Wednesday, 24th April 2019


Advances in technology mean that clear images can now be taken of the insides of patients’ bodies without resorting to invasive procedures. More informed diagnoses of diseases and injuries can be formed and the most effective medications prescribed.

Hospitals will all have imaging departments where radiographers work using a range of equipment and techniques, including:

  • X-rays - to see bones through tissue
  • Fluoroscopes - to see the organs, particularly the digestive tract
  • Magnetic resonance imaging (MRI) - scanners to build 3D images of various parts of the body
  • Ultrasound - more commonly used on pregnant women to check the development of unborn babies and foetuses, but can also be used to monitor the heart and other organs
  • Angiography - makes blood vessels visible under x-ray
  • Computed tomography (CT scan) creates cross-section and 3D images of various parts of the anatomy

Radiographers also work in other hospital departments, such as operating theatres assisting surgeons and physicians, or in emergency rooms conducting examinations on patients. Their role involves making sure patients are comfortable and well informed on all procedures.

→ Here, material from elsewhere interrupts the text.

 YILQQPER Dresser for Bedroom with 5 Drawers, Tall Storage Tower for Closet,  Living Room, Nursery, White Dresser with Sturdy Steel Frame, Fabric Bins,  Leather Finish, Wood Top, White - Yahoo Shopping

It is also extremely important that radiographers adhere to strict health and safety regulations when using potentially harmful ionising radiation equipment.

They are often responsible for ensuring that the equipment they are trained to use is maintained to standards which keep them safe and working effectively.

Radiographers need to keep up-to-date with the quickly-evolving technological advances in the fields in which they specialise.

Around 90% of radiographers in the UK work for the NHS.